I finished up my taxes a few days ago and sent them in "electrocutionally." What a long, complex process it can be, even if you don't have anything particularly complicated in your income picture. I still do my own taxes (with the help of a tax program). Some people think CPAs and tax lawyers are a big help, but a lot of the work is just in collecting and organizing the data, which your tax expert will mostly expect you to do for him. The one year I took my taxes to one of these "pros" a couple of decades ago, he just took the numbers I gave him and plugged them into Turbotax. Along the way, he made three errors in data entry, one transposing a $3,000 interest deduction into 300; if I hadn't caught them, no one would have. So I went back to doing my own taxes.
Every year at this time, millions of taxpayers think, why can't this all be made simpler? It can. And if it were, I'm sure the IRS would be happy -- less work, less paper, easier to detect fraud, and probably overall, greater revenue with less fuss. But we all know it won't happen; Congress is not going to stop tinkering with the tax code as a way to influence behavior, provide benefits to specific industries or areas, and the like.
Politically, I doubt that it could happen, even if every Congressperson swore an oath to simplify tax laws. Certain interest groups, industries, regions, all now have a stake in keeping the code the way it is, with all its little arcane, difficult-to-track bennies for them. Another group has a different motivation to resist change: A simplified tax code would put all those tax lawyers and accountants on the bread line; the empires of Turbotax and similar taxpayer programs would collapse.
I use Turbotax myself; it seems accurate and saves a lot of calculation. But I hit the wrong radio button to print out a copy of my forms and the program shot out 165 pages of thinly sliced tree ... which is where it comes to light that Turbotax itself may be part of the problem. It seems that for nearly every IRS form, there's also a Turbotax worksheet, and some of them are pretty inane.

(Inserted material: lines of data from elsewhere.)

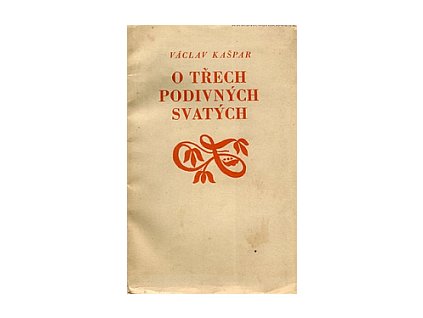 mid o trech podivnych svatych Vjs 179606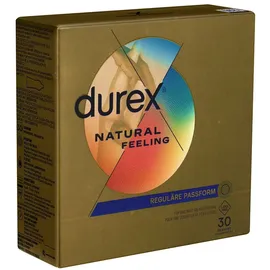 DUREX Natural Feeling, latexfrei, transparent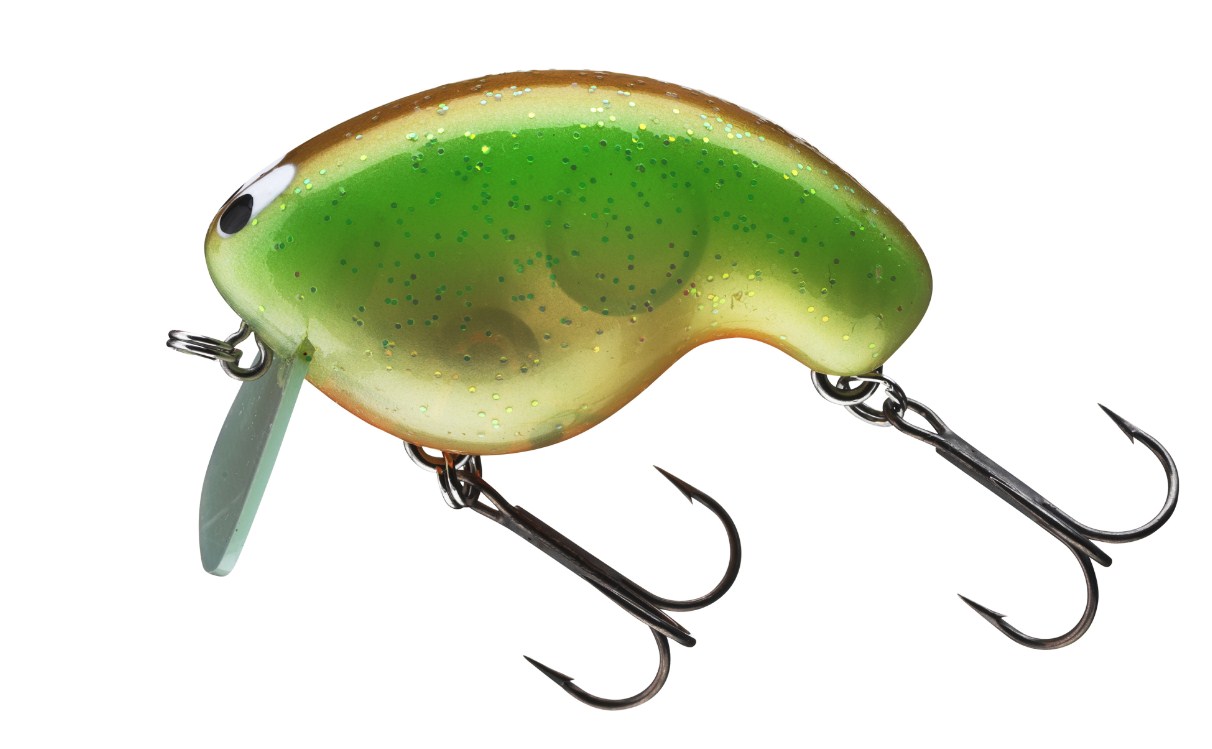 Воблер DAIWA PROREX FUKU ZERO CRANK 54F - 5.4cm/14.0gr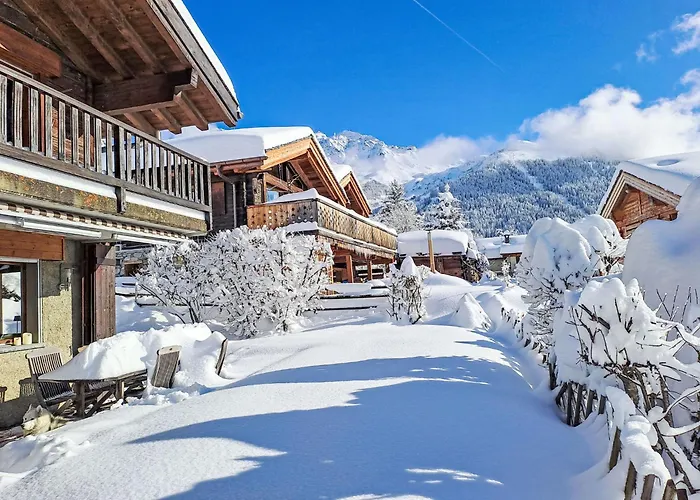 Praz 11 By Interhome Verbier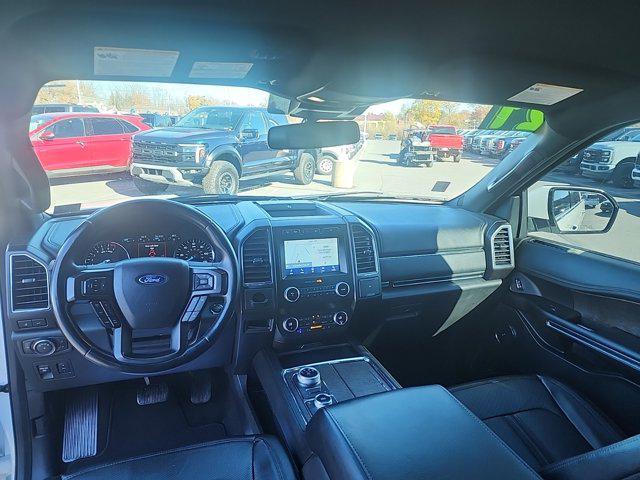 used 2021 Ford Expedition car, priced at $38,900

For each different charity you gave cash to during the year, the program will spit out, if you allow it, a three-page "worksheet" - a dozen charities means nearly 50 pages, none of which contain more than one number - the amount you gave. Then there are the forms that print out with nothing but zeros - a depreciation schedule, when I don't have any depreciation (well, OK, at my age I do have depreciation, but not in my assets).
This is just an effort to make the complicated look even more complicated, but it's one reason that the people and software companies that "help" you with your taxes will oppose tax simplification.